We were led away from the men to be prepared and to meditate, each touch was to be as a reference point to our own body. I suddenly became quite activated by my inner child in this exercise and didn’t want to touch any genitals. At first, I made excuses in my head that it would upset my partner, so then I went to ask if he was ok with this (fully expecting him to say no) and he gave full permission which unsettled me even more.
Somewhere in my child psyche I was not ok with the phallus. Pause for reflection... Getting ok with not being ok.
The following day we moved to the feminine, and began by clearing maternal mother issues in order to access the energy of the divine mother. The evening temple ceremony was about women penetrating men in an energetic polarity reversal. The masculine energy in me was so angry, and I was quite worried I might harm my partner. I wanted to. There was some kind of angry revenge energy that wanted to rape and cause pain (nothing to do with the individual in front of me, but old suppressed anger from early trauma surfacing here).

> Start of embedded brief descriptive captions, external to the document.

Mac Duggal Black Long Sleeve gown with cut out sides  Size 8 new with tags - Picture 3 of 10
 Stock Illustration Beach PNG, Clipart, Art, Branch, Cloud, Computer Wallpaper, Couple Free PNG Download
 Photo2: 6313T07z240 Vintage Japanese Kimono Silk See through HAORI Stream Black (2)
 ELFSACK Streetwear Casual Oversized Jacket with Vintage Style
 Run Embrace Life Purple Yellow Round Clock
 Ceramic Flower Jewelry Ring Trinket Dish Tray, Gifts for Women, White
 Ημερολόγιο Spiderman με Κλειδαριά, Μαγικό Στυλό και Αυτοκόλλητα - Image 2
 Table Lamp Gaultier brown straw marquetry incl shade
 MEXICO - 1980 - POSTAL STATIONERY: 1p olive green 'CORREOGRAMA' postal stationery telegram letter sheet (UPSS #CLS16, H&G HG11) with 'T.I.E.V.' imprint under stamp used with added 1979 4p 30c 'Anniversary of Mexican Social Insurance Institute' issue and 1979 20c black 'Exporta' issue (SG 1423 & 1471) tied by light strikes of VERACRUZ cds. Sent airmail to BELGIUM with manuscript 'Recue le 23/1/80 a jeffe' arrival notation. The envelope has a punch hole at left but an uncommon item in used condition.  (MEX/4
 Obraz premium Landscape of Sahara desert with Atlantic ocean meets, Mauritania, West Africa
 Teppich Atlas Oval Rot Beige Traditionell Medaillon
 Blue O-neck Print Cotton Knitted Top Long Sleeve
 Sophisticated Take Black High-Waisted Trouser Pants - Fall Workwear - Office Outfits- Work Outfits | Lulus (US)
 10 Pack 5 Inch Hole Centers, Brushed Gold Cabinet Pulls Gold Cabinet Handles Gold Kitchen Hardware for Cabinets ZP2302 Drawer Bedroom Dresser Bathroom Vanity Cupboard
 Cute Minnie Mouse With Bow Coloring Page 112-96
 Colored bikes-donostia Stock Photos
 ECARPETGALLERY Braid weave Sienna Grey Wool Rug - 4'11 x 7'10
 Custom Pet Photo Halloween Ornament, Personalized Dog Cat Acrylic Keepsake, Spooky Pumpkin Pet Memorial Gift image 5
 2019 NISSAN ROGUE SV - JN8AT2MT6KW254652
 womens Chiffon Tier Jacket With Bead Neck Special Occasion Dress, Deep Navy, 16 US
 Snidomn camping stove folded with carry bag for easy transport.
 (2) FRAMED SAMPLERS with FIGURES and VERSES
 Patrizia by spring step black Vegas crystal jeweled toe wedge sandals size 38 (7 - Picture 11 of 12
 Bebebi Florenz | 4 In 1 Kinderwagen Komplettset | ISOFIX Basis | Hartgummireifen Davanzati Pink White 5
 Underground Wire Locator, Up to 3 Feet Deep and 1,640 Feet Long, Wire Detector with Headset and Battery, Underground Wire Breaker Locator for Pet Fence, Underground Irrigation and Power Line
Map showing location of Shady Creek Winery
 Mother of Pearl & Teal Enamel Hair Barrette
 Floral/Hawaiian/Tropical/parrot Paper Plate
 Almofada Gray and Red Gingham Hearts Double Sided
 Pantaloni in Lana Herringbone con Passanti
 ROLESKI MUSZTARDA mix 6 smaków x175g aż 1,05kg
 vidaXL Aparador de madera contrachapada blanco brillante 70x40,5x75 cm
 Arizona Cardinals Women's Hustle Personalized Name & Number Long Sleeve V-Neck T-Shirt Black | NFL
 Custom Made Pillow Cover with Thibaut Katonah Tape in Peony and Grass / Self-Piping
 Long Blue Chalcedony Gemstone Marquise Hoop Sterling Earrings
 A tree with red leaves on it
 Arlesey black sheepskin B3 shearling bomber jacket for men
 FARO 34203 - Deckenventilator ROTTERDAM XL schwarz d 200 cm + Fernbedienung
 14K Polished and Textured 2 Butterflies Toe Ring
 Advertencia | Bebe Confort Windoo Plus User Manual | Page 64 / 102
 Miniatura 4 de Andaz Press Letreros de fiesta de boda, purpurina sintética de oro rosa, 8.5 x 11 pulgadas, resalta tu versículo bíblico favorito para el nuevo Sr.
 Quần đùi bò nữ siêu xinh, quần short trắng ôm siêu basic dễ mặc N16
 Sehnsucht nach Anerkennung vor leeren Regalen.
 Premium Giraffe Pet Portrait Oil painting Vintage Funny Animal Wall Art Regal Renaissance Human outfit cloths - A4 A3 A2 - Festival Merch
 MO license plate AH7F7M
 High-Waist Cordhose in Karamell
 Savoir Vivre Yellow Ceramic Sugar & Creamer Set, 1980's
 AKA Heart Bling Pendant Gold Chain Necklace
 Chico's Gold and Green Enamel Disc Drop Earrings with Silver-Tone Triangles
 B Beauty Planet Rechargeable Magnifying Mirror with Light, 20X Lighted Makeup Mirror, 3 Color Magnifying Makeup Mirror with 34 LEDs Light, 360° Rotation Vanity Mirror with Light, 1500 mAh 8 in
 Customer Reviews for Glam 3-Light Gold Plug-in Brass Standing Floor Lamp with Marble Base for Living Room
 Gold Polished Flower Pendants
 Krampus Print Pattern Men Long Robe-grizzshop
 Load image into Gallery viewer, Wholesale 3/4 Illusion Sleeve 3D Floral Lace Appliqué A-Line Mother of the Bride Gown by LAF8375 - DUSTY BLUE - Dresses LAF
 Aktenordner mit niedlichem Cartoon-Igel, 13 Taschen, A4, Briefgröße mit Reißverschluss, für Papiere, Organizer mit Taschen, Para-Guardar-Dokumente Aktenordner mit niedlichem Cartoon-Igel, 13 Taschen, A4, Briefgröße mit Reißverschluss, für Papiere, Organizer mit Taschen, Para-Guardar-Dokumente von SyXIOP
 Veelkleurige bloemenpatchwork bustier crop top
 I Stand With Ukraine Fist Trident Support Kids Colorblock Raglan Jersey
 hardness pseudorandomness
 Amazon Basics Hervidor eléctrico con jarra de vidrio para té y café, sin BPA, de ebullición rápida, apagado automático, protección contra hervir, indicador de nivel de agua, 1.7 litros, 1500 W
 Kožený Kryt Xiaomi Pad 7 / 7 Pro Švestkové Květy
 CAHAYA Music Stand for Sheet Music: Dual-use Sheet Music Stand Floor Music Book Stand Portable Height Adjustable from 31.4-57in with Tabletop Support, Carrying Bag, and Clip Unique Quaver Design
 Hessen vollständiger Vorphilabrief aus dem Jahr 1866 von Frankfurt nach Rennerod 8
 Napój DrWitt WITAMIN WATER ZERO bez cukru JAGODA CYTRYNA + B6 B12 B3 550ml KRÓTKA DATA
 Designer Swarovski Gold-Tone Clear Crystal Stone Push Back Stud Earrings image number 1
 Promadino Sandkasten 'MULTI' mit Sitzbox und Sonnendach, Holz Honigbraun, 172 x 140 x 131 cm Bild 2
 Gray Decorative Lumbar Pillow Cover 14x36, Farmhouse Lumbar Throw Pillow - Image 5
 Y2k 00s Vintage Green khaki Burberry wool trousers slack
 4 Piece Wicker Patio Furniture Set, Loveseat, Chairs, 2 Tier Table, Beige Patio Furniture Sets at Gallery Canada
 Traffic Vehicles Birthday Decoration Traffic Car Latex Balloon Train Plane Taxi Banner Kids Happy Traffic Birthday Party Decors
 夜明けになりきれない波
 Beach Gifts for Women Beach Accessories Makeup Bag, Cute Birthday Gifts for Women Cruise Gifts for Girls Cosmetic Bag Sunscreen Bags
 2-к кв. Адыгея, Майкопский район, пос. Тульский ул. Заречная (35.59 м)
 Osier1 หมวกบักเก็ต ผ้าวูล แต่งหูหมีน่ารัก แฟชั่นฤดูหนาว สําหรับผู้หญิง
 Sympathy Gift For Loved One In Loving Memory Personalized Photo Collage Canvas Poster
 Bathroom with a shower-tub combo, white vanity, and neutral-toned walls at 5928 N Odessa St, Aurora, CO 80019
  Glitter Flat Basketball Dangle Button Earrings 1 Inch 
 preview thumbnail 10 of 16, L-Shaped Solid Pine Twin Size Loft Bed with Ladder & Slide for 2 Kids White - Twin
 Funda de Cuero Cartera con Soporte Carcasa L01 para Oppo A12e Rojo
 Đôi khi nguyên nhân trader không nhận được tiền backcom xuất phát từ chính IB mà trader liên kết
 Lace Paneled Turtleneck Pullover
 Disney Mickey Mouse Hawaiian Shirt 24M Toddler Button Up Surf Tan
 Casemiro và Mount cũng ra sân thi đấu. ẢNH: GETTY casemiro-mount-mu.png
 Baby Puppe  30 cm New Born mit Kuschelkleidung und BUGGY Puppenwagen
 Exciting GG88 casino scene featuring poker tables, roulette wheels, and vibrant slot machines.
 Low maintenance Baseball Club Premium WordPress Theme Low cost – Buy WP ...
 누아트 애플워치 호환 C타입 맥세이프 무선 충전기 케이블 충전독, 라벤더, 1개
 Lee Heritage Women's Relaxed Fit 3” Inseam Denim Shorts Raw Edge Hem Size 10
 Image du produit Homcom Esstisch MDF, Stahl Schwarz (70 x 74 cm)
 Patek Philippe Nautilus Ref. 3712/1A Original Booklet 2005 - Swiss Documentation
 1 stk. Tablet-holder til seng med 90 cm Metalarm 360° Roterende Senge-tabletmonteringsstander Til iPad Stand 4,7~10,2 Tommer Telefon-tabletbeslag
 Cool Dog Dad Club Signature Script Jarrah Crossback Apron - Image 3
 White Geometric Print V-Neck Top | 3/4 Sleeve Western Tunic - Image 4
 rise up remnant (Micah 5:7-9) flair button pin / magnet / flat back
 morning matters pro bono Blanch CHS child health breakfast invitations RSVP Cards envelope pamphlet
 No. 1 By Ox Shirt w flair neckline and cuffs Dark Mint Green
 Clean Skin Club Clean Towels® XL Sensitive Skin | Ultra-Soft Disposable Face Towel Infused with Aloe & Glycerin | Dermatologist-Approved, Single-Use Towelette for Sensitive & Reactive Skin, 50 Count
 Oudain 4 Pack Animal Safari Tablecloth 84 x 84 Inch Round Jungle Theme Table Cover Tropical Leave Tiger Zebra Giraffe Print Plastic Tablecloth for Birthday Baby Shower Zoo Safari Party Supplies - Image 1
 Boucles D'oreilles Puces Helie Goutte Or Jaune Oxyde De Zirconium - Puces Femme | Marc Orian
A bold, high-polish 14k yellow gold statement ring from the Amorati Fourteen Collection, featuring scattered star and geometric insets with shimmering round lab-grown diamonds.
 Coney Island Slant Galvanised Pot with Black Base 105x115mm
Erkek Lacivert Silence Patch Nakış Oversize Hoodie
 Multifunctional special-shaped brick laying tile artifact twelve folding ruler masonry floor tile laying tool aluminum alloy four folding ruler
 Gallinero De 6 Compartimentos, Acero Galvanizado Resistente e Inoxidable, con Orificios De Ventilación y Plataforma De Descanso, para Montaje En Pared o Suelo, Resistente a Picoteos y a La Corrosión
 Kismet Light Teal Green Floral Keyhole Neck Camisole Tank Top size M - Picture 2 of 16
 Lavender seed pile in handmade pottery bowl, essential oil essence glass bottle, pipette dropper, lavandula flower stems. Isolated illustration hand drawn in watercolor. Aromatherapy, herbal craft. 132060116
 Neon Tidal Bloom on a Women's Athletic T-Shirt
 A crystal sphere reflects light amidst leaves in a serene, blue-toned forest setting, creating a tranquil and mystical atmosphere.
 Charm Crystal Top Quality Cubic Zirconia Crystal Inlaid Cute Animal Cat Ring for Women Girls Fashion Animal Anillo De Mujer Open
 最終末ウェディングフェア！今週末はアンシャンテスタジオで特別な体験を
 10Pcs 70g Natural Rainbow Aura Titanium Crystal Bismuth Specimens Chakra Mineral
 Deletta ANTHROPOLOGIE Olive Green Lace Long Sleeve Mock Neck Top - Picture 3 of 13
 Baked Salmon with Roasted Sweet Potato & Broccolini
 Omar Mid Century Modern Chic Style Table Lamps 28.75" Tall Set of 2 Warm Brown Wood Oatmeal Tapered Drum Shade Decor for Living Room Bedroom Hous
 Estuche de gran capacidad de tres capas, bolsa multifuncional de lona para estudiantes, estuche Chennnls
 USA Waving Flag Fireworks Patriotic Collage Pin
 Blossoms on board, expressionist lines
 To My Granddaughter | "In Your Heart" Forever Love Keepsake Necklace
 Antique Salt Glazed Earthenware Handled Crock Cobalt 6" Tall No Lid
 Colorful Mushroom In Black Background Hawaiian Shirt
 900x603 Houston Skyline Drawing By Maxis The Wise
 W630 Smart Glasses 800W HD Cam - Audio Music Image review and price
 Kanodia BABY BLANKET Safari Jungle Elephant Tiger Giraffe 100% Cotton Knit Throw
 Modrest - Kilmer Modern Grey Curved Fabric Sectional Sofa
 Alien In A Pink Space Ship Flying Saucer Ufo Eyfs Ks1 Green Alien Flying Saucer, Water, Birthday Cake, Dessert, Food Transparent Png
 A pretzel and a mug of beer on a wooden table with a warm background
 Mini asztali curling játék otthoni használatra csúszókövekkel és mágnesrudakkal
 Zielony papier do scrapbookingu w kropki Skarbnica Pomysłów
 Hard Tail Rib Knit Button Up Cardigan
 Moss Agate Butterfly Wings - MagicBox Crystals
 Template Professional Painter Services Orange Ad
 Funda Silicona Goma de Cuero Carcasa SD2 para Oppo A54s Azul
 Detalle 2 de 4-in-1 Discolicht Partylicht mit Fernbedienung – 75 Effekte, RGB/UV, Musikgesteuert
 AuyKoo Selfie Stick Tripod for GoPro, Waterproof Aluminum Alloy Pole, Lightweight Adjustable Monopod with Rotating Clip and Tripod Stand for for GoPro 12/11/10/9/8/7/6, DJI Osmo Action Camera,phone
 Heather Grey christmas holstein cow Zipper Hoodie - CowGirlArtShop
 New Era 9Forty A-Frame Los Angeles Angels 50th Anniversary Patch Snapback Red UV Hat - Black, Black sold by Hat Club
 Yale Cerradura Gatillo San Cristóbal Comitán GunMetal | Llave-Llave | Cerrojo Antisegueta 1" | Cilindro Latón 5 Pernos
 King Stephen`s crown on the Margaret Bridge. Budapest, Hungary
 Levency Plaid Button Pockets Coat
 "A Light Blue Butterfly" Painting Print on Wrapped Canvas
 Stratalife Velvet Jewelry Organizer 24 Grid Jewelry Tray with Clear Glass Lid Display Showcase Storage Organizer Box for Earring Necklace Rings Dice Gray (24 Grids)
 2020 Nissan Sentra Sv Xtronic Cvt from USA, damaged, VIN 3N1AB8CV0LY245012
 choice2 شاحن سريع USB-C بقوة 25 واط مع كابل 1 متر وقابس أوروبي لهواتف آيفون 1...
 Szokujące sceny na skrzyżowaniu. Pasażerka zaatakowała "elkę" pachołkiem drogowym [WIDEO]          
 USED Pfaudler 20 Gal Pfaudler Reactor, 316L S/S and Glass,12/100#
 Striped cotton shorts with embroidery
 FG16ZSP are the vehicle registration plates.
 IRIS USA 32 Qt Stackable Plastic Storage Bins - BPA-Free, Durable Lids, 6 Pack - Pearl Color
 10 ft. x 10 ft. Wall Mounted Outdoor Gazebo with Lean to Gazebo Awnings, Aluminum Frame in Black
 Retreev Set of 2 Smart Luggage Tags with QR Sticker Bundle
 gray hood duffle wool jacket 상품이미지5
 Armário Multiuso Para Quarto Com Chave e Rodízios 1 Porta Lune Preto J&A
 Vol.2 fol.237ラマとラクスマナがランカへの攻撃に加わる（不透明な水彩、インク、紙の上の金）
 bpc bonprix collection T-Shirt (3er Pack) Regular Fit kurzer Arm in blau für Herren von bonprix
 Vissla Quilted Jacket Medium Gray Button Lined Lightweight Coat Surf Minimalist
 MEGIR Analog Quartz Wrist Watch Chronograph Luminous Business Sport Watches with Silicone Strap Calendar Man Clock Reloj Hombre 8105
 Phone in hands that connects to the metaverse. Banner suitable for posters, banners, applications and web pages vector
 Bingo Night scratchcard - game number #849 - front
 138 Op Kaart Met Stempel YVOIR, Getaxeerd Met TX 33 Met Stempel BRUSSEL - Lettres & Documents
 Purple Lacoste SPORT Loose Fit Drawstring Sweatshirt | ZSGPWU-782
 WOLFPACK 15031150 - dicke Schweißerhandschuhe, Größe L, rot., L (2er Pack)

I felt not only my own but the collective pain of women past, perhaps even that of the suppressed local women and the fight back, I’m not certain, but it felt bigger than just me. I’m reminded of the #metoo movement, and I’m reminded of the yogic teachings that revenge is another way to self harm. Feeling the energy, seeing it, acknowledging it, and sharing it to the group allowed it to move and pass without harm.
The next day we had to ‘date’ and have ‘pre-date’ conversations about intentions,
boundaries, desires and sexual history. This was a crazy trigger for me… for some reason I felt like the kid on sports day, stressed about not being picked… I found myself running around, worried about not completing the ‘homework’ or having the awkward conversations… finally I checked in with myself, relaxed and reminded myself that it's not a competition, nor do I need to people please, but that I can actually sit back and make decisions based on my own desires.
Unfortunately, or perhaps timely, I started to get unwell near the end of the week,
Egyptian belly made the peak of the week a little less heroic. Not wanting to miss
anything, I participated in the male sacred spot ritual, an incredible delve into
activating the orgasmic energy which was the most rewarding ceremony of the
week for me. I felt a new widening of the pathway unlock from my heart up
through the channel of throat and into the crown chakra. My jaw released and
tension dissolved. A deeply moving and connecting experience that made my
partner and I hold each other in a state of intimate connection for hours.
By the last day I felt so unwell, I could barely see or feel anything subtle. Whilst I
participated in the female sacred spot ritual, I was quite numb and out of body. In
hindsight I should have remained in bed, but FOMO pushed me forward.
In summary, the week reconnected me with heart energy, cleared some old
trauma around sexuality, showed me the difference between immature masculine
and feminine energy and the divine masculine and feminine. But mostly, it showed
me how communication and clear healthy boundaries deepen relationships.
Certainly not a subtle week, it was a ‘rip off the band-aid’ approach to break open
any blocks or dams and get the energy flowing to an awakened body mind. If you
feel brave and compelled, or even slightly curious but fearful…. Go for it!